==== RECORDS SHOWN ====

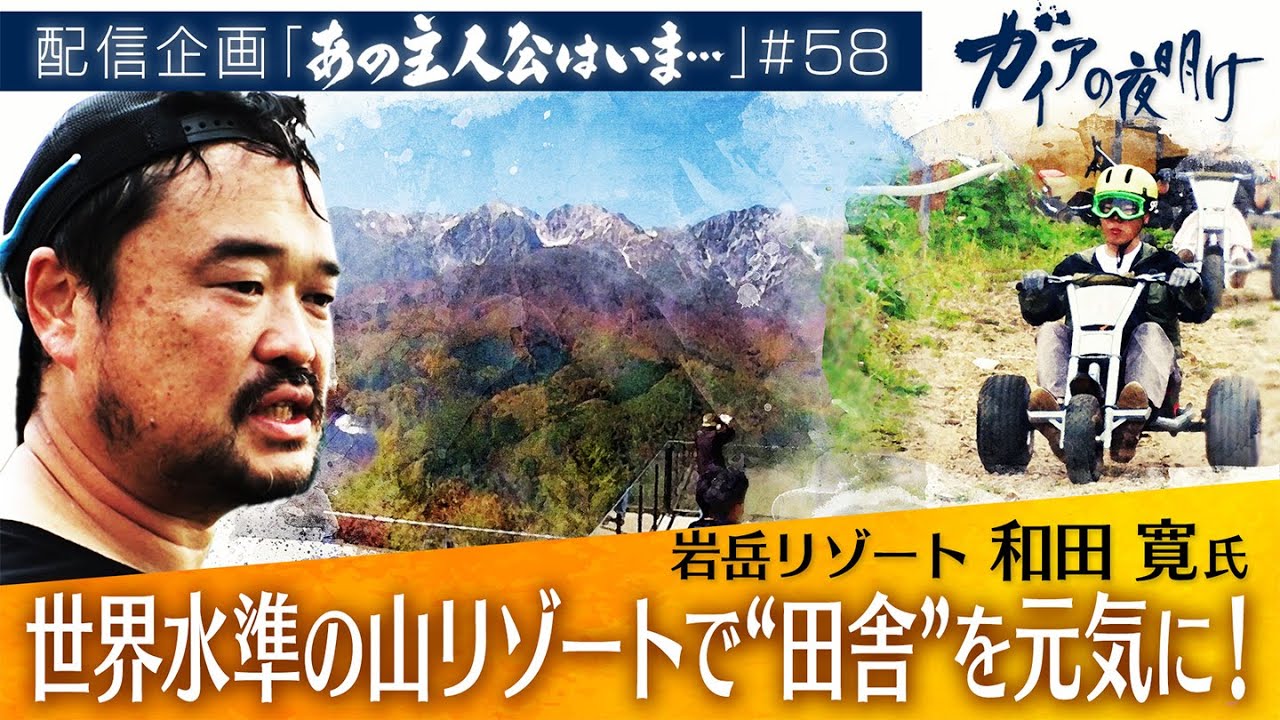 “白馬”が大変貌！？オールシーズン楽しめる山リゾートで田舎を元気に！【ガイアの夜明け『あの主人公はいま』＃58】（2023年9月2日）
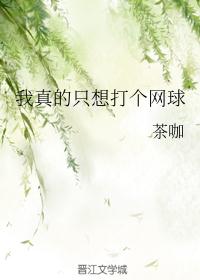 调教小说合集剧情介绍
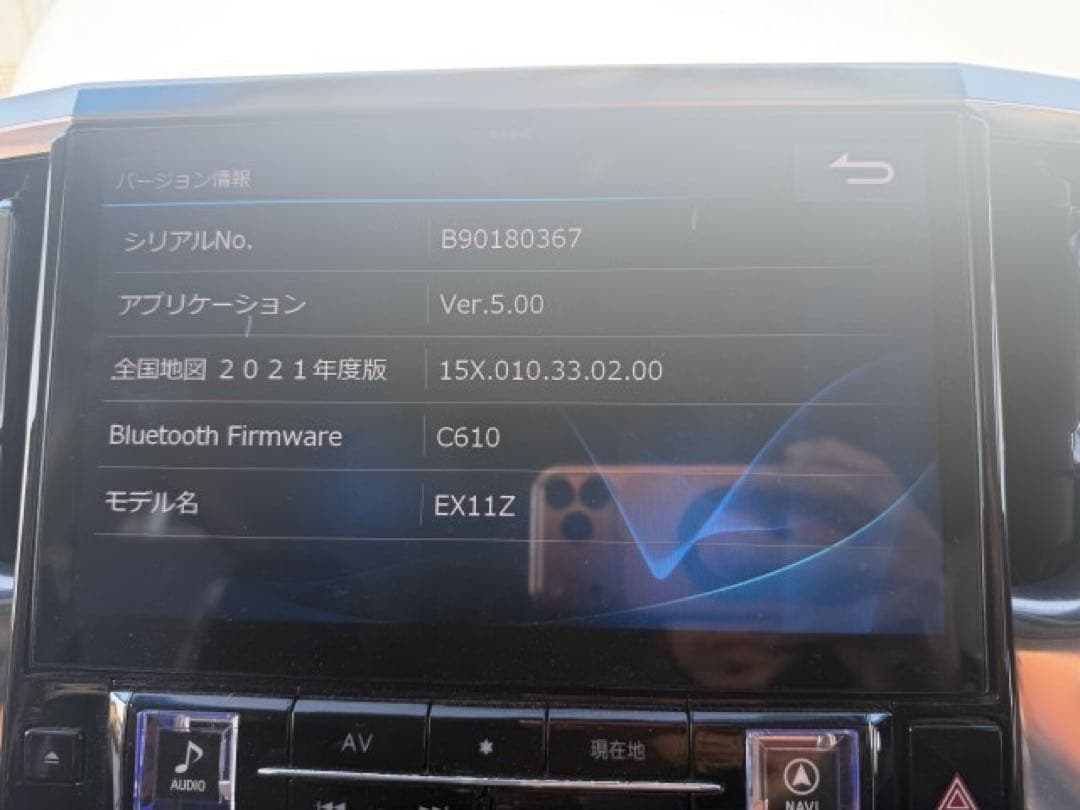 ALPINE アルパイン 11型 EX11Z ドラレコ　ETC付 カーナビ　ナビ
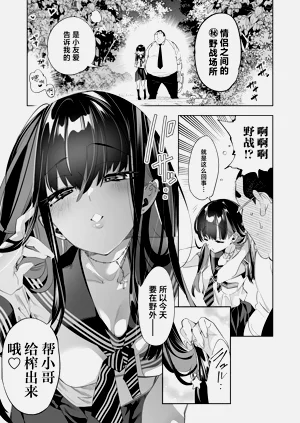 第11頁圖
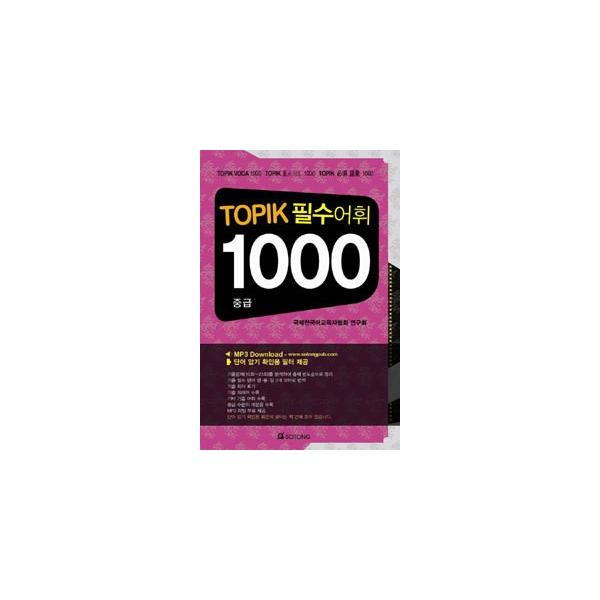 韓国語教材 韓国語能力試験 必須語彙1000 中級 007000000030 ハングルの森ヤフー店 通販 Yahoo ショッピング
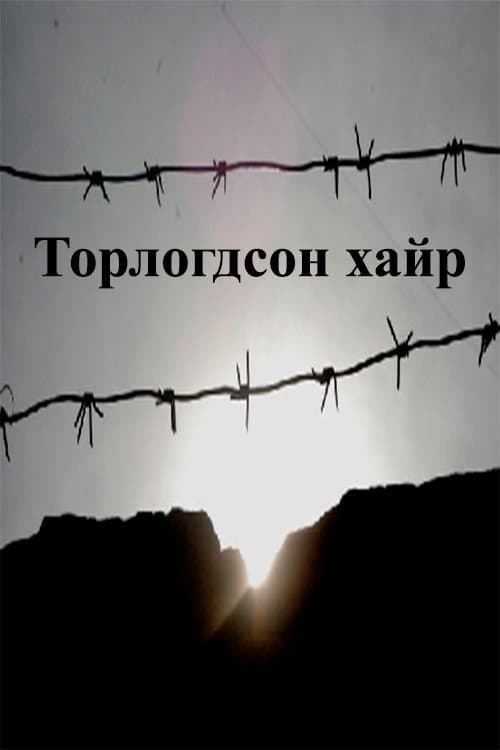 Постер: Торлогдсон хайр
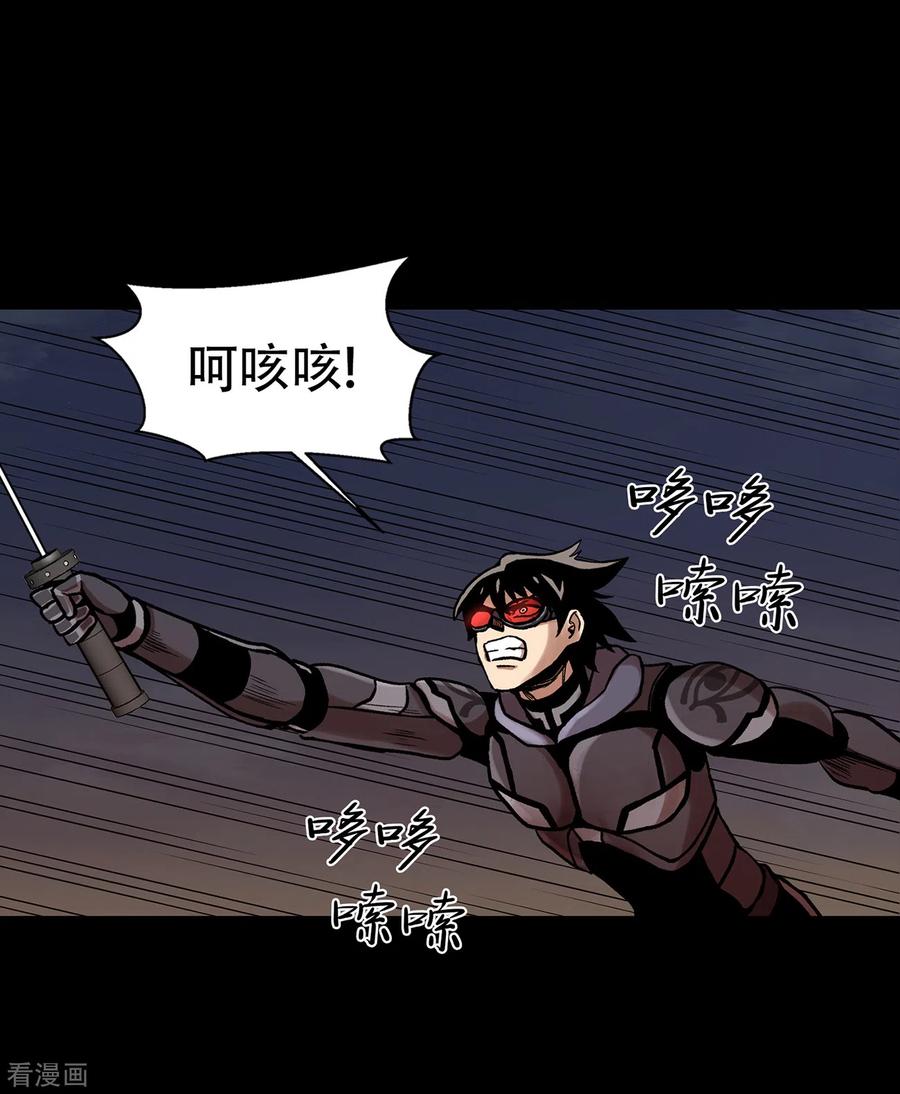 《第三只眼》二季第27话 没时间了！ 第42页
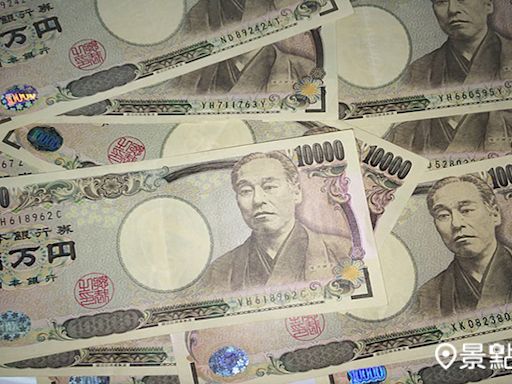 日幣再貶直逼160大關！暑期出國玩日本搶換錢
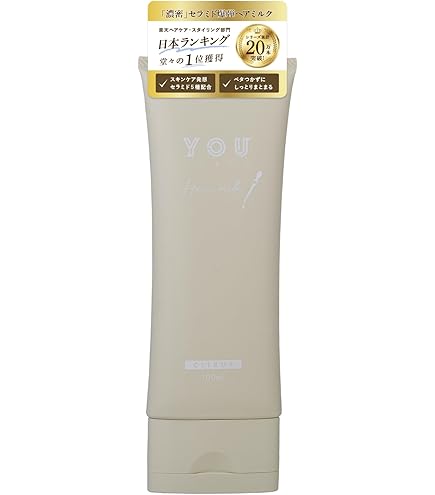 Amazon | エルコス キューティジェル120g（洗い流さないトリートメント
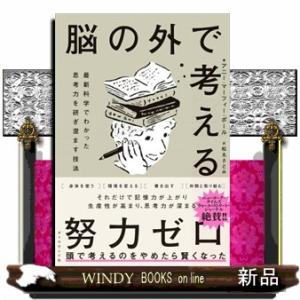 脳の外で考える  最新科学でわかった思考力を研ぎ澄ます技法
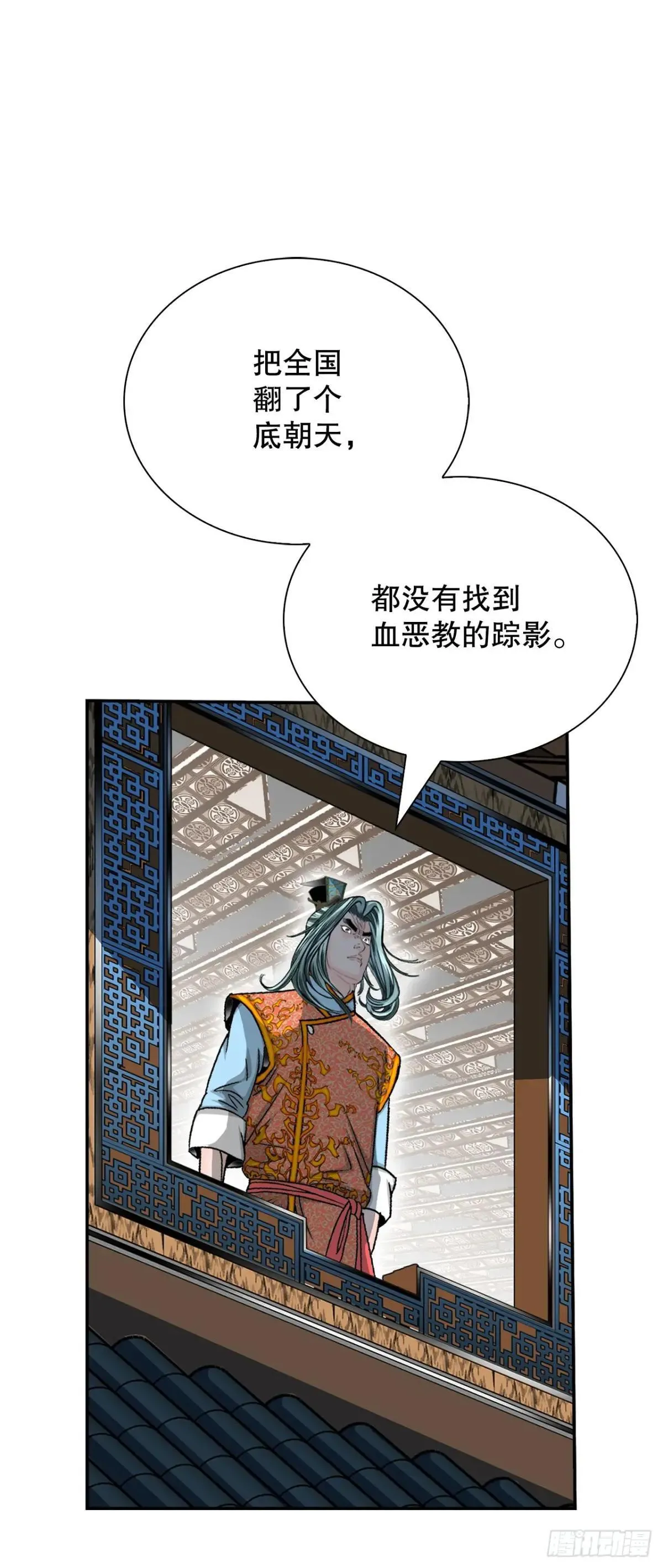 169.管理食材仓库 第42页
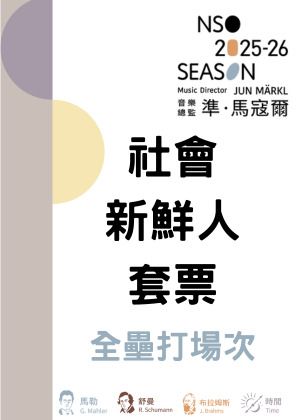 NSO 2526上半樂季【社會新鮮人-愛樂知青 套票】全壘打場次23場3910元（限量20套）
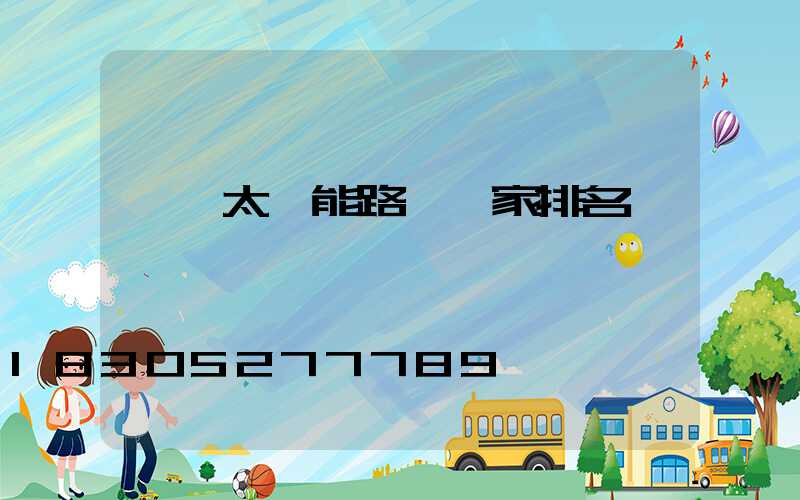 臨沂太陽能路燈廠家排名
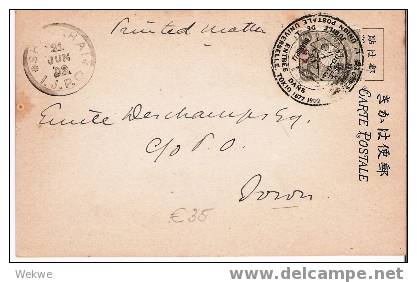 J-PO002/ Jap. Post Shanghai, UPU-Jubilee 1902, Printed Matter - Briefe U. Dokumente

====

*EXERCISE BRIEF:*
The response should contain every record above exactly as written, and none of the pictures.

*WRITTEN ANSWER:*
 “白馬”が大変貌！？オールシーズン楽しめる山リゾートで田舎を元気に！【ガイアの夜明け『あの主人公はいま』＃58】（2023年9月2日）
 调教小说合集剧情介绍
 ALPINE アルパイン 11型 EX11Z ドラレコ　ETC付 カーナビ　ナビ
 第11頁圖
 韓国語教材 韓国語能力試験 必須語彙1000 中級 007000000030 ハングルの森ヤフー店 通販 Yahoo ショッピング
 Постер: Торлогдсон хайр
 《第三只眼》二季第27话 没时间了！ 第42页
 日幣再貶直逼160大關！暑期出國玩日本搶換錢
 Amazon | エルコス キューティジェル120g（洗い流さないトリートメント
 脳の外で考える  最新科学でわかった思考力を研ぎ澄ます技法
 169.管理食材仓库 第42页
 NSO 2526上半樂季【社會新鮮人-愛樂知青 套票】全壘打場次23場3910元（限量20套）
 臨沂太陽能路燈廠家排名
 J-PO002/ Jap. Post Shanghai, UPU-Jubilee 1902, Printed Matter - Briefe U. Dokumente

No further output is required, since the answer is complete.